* _Data section_
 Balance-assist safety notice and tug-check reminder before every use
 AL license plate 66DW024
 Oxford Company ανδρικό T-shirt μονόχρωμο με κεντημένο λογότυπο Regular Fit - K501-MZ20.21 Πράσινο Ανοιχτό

* _How to complete this task_
The whole of the data above must be given again, unaltered and complete.

* _Solution for this problem_
 Balance-assist safety notice and tug-check reminder before every use
 AL license plate 66DW024
 Oxford Company ανδρικό T-shirt μονόχρωμο με κεντημένο λογότυπο Regular Fit - K501-MZ20.21 Πράσινο Ανοιχτό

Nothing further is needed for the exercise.